• SOURCE MATERIAL:

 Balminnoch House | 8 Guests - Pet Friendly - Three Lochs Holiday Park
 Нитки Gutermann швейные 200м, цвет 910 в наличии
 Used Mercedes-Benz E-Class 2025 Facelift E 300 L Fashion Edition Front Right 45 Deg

• WHAT YOU HAVE TO DO: Exact transcription of the listing is needed, with no line left out.

• SOLUTION TO THE PROBLEM:
 Balminnoch House | 8 Guests - Pet Friendly - Three Lochs Holiday Park
 Нитки Gutermann швейные 200м, цвет 910 в наличии
 Used Mercedes-Benz E-Class 2025 Facelift E 300 L Fashion Edition Front Right 45 Deg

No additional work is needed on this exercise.